Wider benefits of improved CCR management: the proper management of exposure to CCR based on the new method underpinned by [1] delivers several important benefits.
First, it improves the overall stability of Barclays in the sense that both its customers’ and the bank’s own interests are protected by alleviating exposure to uncovered high risky positions within a small probability (such as 0.05% or 0.01%).
Secondly, it contributes to the stability of the global financial system as a whole by mitigating the potential impact of the failure of one bank on others. The collapse of Lehman Brothers in 2008 underscored the need for better protections of this sort within a highly interconnected global financial system.
Thirdly, it increases the bank’s confidence in lending via a reduction of the cost of borrowing. This results from the fact that calculating the extreme PFE based on the new method helps the bank more accurately estimate an adequate capital buffer. In other words, the method allows banks to cover a given degree of risk with a smaller capital requirement. Given that Barclays holds CCR RWA worth tens of billions of US dollars, the direct saving from this new and scientifically calculated buffer is substantial. This substantial saving improves the bank’s business and operations and encourages more investment.
Yao’s innovative contribution in estimating extreme PFE quantiles is an indispensable part of the new backtesting method directly supporting these benefits. As such, the research has contributed indirectly to assuring greater financial system security at lower cost, with wider economic benefits.
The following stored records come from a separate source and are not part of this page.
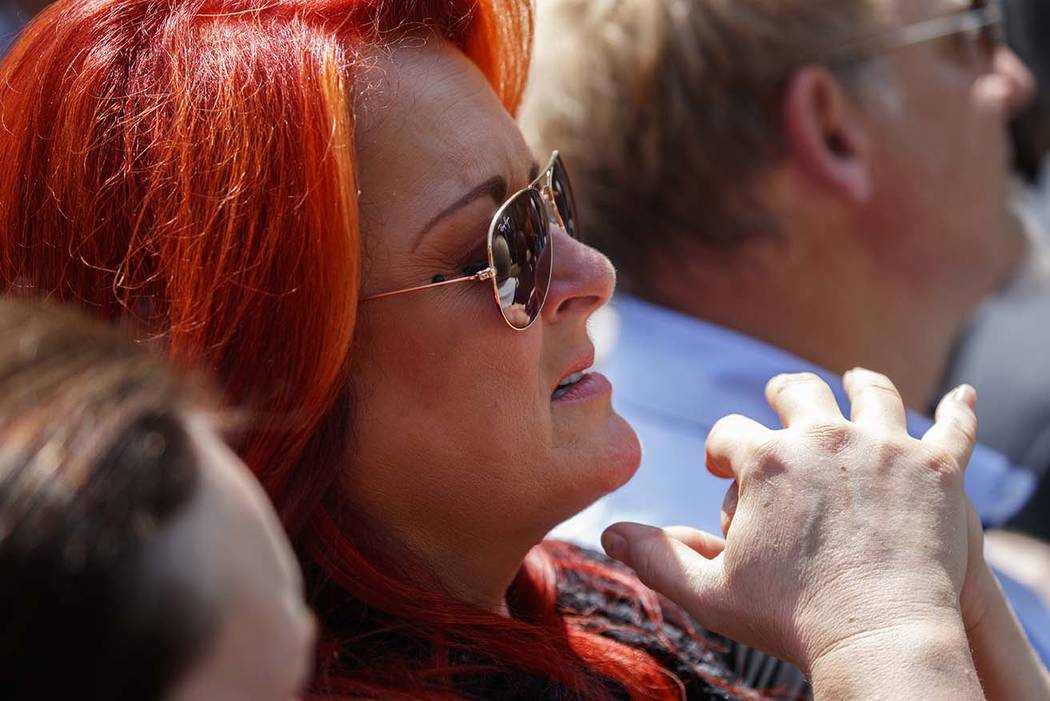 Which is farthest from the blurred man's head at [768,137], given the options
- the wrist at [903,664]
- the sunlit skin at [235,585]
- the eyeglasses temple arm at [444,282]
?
the sunlit skin at [235,585]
5. Sources to corroborate the impact
[A] Basel III: A global regulatory framework for more resilient banks and banking systems, Basel Committee on Banking Supervision. Revised version June 2011. See particularly Part D, Section II.
[B] Supporting statement from the Managing Director and Head of Cross-Product Modelling at Barclays, 10 July 2019.
[C] Supporting statement from the Director and Head of the Risk Models Group (Risk Management) and the Director and Head of Counterparty Credit Risk (Quantitative Analytics) at Barclays, 9 July 2019.